Durant la première partie de sa carrière, David Bowie incarnait sur scène les personnages autour desquels ses albums étaient conçus : Ziggy Stardust en 1972 relayé ensuite par Aladdin Sane en 1973, Halloween Jack pour la tournée Diamond Dogs de 1974 ou encore le Thin White Duke de la tournée Isolar de 1976. Comme si le chanteur ne pouvait exister face au public que grâce à des alter-egos artificiels et grandiloquents. Lorsqu'il se lance dans la tournée Isolar II en 1978 pour la promo de Low et "Heroes", parus l'année précédente à neuf mois d'intervalle, pour la première fois depuis qu'il est célèbre il n'adopte aucune autre identité que la sienne, profitant en quelque sorte de la gloire posthume de ses précédentes incarnations. Ce qui est très malin.
La tournée emporta un très gros succès à l'époque et les albums pirates firent la joie des bootleggers, au grand dam de RCA, qui sortit précipitamment en septembre 1978 un double-album live un peu bancal, Stage. Une compilation absurde de titres enregistrés en public en avril-mai à Phliadelphie, Boston et Providence et agencée en fonction des albums dont ils sont issus.
Résultat : de bons titres, mais pas d'ambiance (pour plus de détails, lire ici : https://www.senscritique.com/album/Stage_Live/critique/68703972).

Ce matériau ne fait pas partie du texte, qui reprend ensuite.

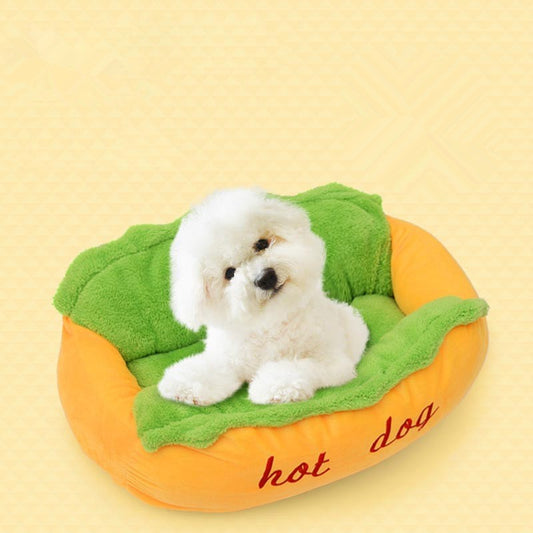 KFX-4843197 Comfortable Hot Dog Shape Pet Kennel with Removable Cushion and Non-Slip Bottom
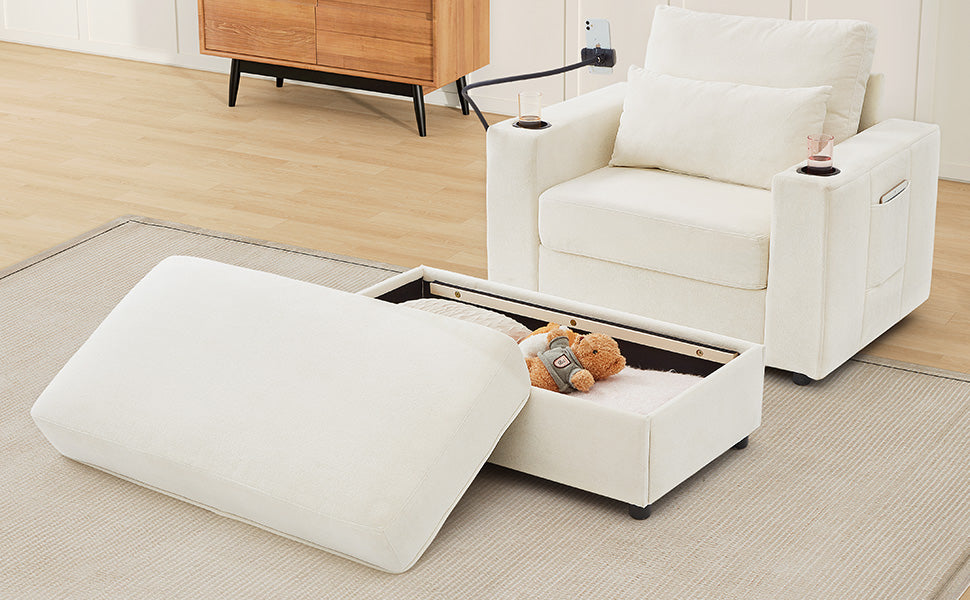 Modern Style Armchair 42.5" Chaise Lounge Sofa Couch with a Movable Storage Ottoman, Two USB Ports, Two Cup Holders, a Phone Holder and Side Pockets for Living Room, Beige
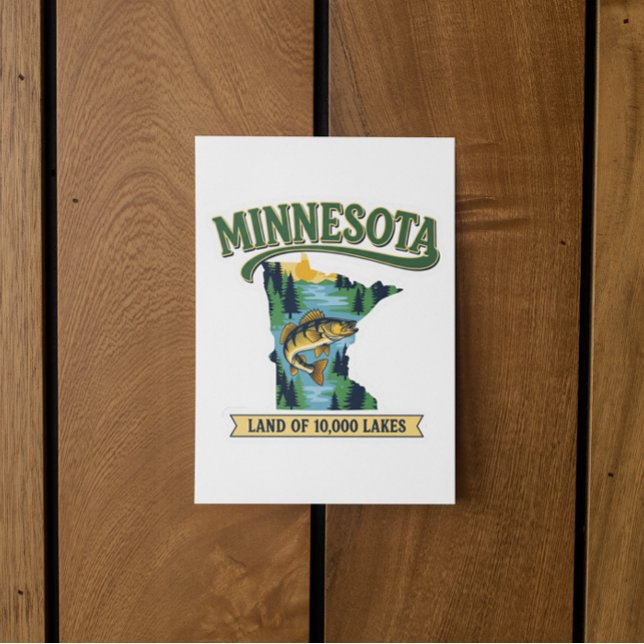 Postal Mapa Antiguo de Minnesota Tierra de 10000 Lagos (Vintage Minnesota Land of 10000 Lakes Map Postcard)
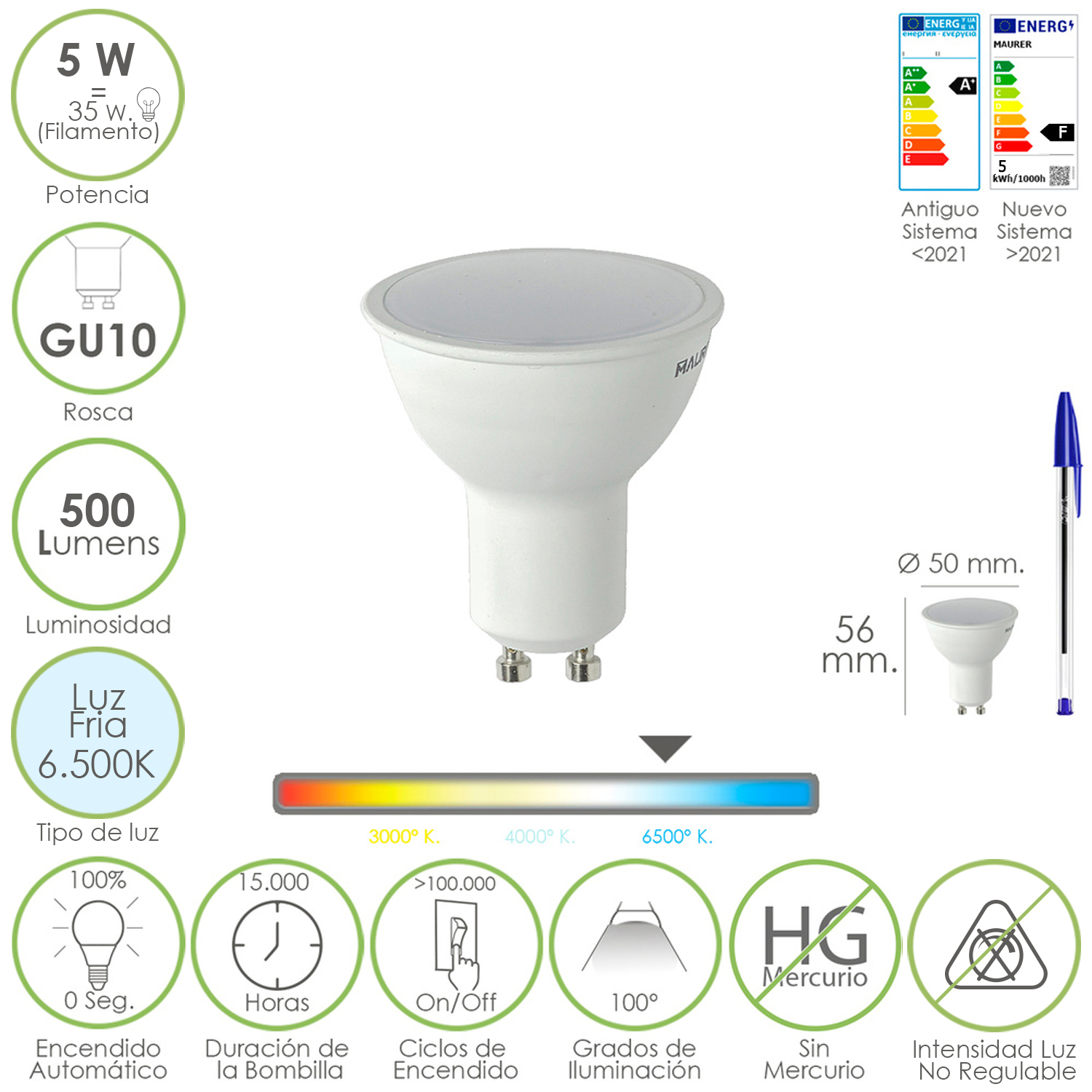 Bombilla Led Dicroica Rosca GU10, 5 Watt, Equivale A 30 Watt, 500 Lumenes, Luz Fria (6500 K,)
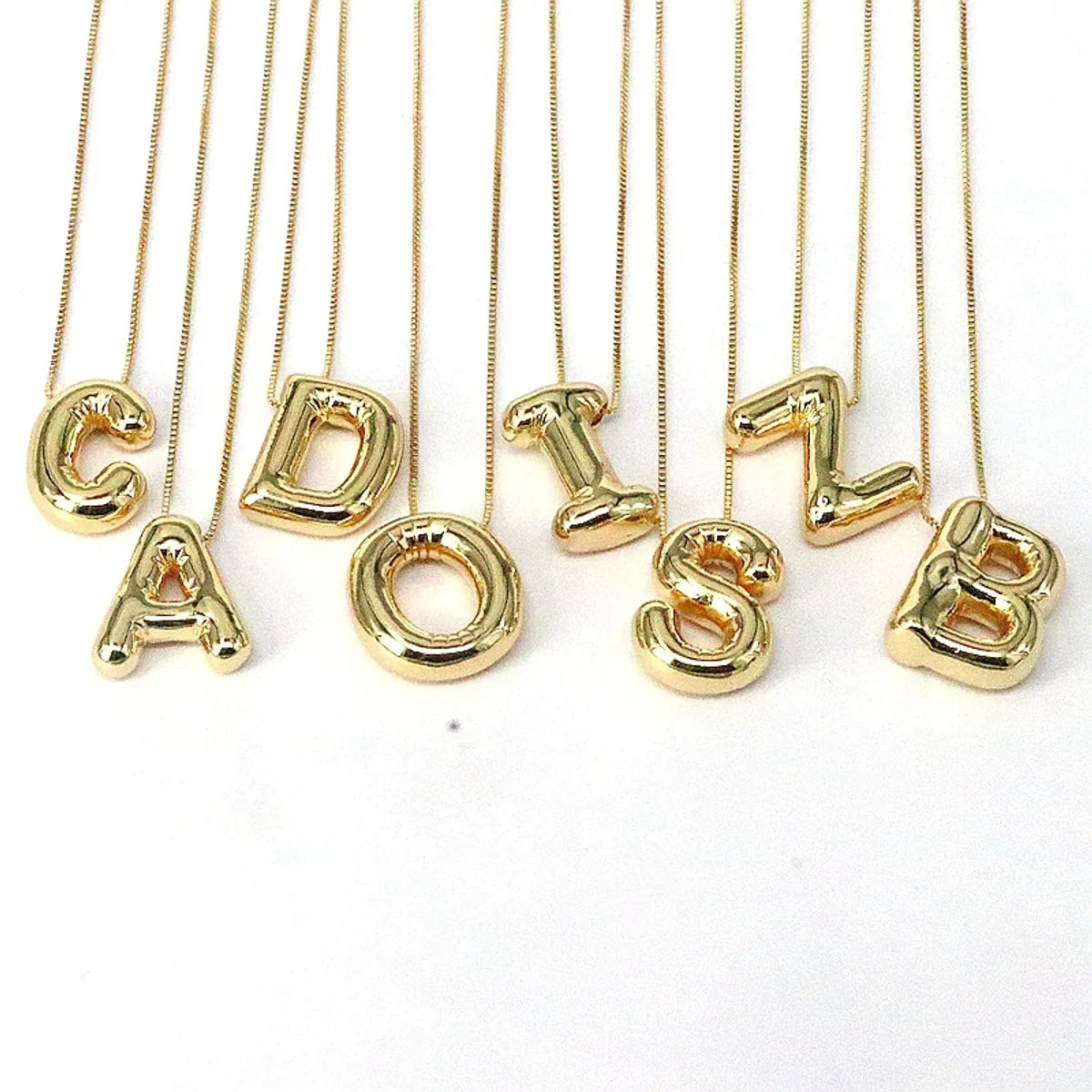 Women’s diamond necklaces-Simple Style Classic Style Letter Copper 18k Gold Plated Pendant Necklace In Bulk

Welcome to the Blackout, qui sort officiellement quarante ans plus tard, a en revanche le grand mérite de présenter un concert-type de la tournée, d'après les soirée des 30 juin et 1er juillet à Londres qui marquèrent la fin de la tournée européenne. Si l'on fait une comparaison directe entre les titres de ces deux albums, la qualité d'interprétation est très proche, et les deux disques se valent quasiment. Ce qui prouve au passage - si besoin - la qualité professionnelle des musiciens. Mais les quelques différences qui subsistent malgré tout, sont à l'avantage du live anglais. Seule, "Station to Station" est meilleure sur Stage. La longue intro de la version figurant sur Welcome to the Blackout, qui vire parfois au n'importe quoi, peut en effet s'avérer pénible. On pourra également s'étonner de la fin abrupte de "Stay" et de son curieux enchaînement avec "Rebel Rebel". Dernier point, même si depuis 2005 Stage a été remanié pour correspondre à la set-list d'origine et augmenté de quelques titres ("Be my Wife", "Stay" et "Alabama Song"), Welcome to the Blackout est plus exhaustif (incluant également "Jean Genie", "Suffragette City", "Rebel Rebel" et "Sound and Vision" - on pouvait déjà trouver cette dernière sur RarestOneBowie, le pirate de 1995).
Au bout du compte, si Stage et Welcome to the Blackout sont désormais deux albums très proches et redondants l'un par rapport à l'autre, et s'il faut choisir entre les deux, le second est certainement le plus intéressant : les titres sont extraits de deux concerts successifs ayant eu lieu au même endroit, la set-list est complète (les morceaux sont plus nombreux) et l'ambiance est plus chaleureuse (les interventions de Bowie entre les morceaux sont préservées). Le témoignage proposé est donc beaucoup plus fidèle et fleure mieux l'authenticité que le premier, assemblé d'après trois soirées différentes en trois villes différentes et dont certains morceaux sont absents, malgré les ajouts ultérieurs.